Paralytic poliomyelitis, or polio, is a neurological
disease caused by the enterovirus known as poliovirus. It is transmitted
through stool with an incubation period of 5-35 days, averaging 7-14 days,
and is more common in the summer and fall in temperate climates. About 95
percent of infections are asymptomatic. Paralytic polio represents only
0.1% of all cases.
Paralytic polio affects the nuclei of cranial nerves (bulbar polio) and
the anterior motor neurons of the spinal cord (spinal polio).
Bulbar polio results in double vision, facial weakness, difficulty
talking, nasal voice, weakness of the neck muscles, difficulty in chewing
and swallowing, and even regurgitation of fluids through the nose. There
may be loss of the gag reflex necessary to protect the airway, pooling of
secretions, tongue deviation, and associated respiratory paralysis.

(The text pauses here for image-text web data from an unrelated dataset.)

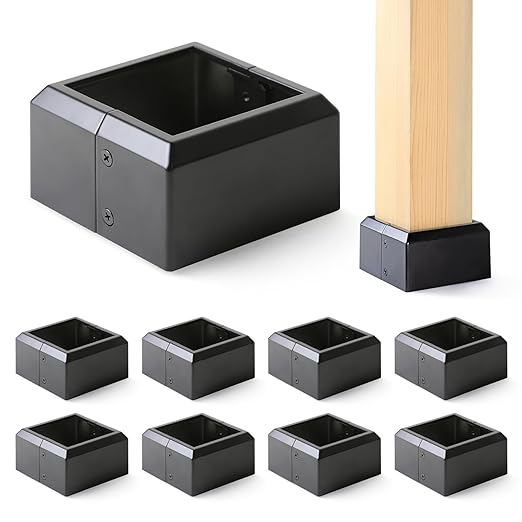 4"x4" (Actual: 3.5"x3.5") Deck Post Base Cover Split, Aluminum Post Base Trim Skirt Decorative Black 8Pack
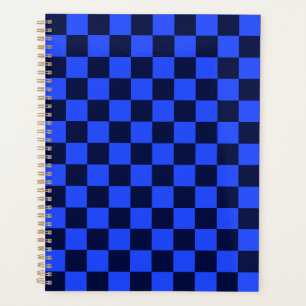 Agenda Explore Design Xadrez Ousado Azul e Preto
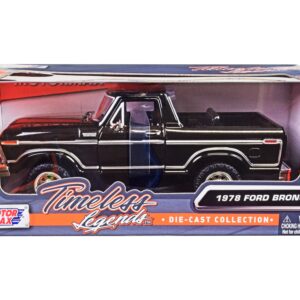 1978 Ford Bronco Custom (Open Top) Black “Timeless Legends” Series 1/24 Diecast Model Car by Motormax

Spinal polio usually results in an asymmetric paralysis of the arm and
leg muscles, and may involve muscles of the bladder and respiratory
system. Diagnosis is usually confirmed by viral culture of stool specimens
and throat swabs.
Some of the complications include pneumonia, urinary tract infections,
emotional problems, persistent paralysis, shock, the post-polio syndrome
(characterized by muscle pain, exacerbation of weakness and/or new
paralysis) and even death.
In order to prevent polio, two types of vaccines were developed -- a
live oral vaccine (OPV) developed by Dr. Sabin and an inactivated
injectable vaccine (IPV) developed by Dr. Salk. The current oral vaccine
is a live, attenuated, trivalent virus vaccine that offers the benefits of
easy administration, local gastrointestinal immunity and secondary spread,
or herd immunity, through shedding into the intestinal tract. However, it
also carries the risk of vaccine associated paralytic polio (VAPP), which
occurs in one case per 2.4 million doses given. This risk is highest after
the first dose - approximately one case per 760,000 doses given.

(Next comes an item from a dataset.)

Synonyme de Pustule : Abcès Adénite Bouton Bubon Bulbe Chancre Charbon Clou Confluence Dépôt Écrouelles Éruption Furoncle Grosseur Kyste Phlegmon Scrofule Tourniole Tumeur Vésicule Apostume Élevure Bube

Since 1979 there have been no cases of indigenous wild-type polio in
the United States, but there have been 144 cases of polio associated with
OPV use. The likelihood of someone bringing the wild-type poliovirus back
into the United States has substantially decreased due to the global polio
eradication initiative.
In 1997, in order to decrease the risk of VAPP but continue the
benefits of OPV, the Advisory Committee on Immunization Practices (ACIP)
recommended giving the inactivated polio vaccine (IPV) for the first two
immunizations followed by OPV for the third dose and subsequent booster
prior to starting school. The only disadvantage to IPV is that it involves
a shot, however, no declines in childhood vaccination coverage have been
observed despite the need for additional injections.
In order to eliminate the risk for VAPP, the ACIP is now recommending
an all-IPV regimen for routine childhood vaccination in the United States.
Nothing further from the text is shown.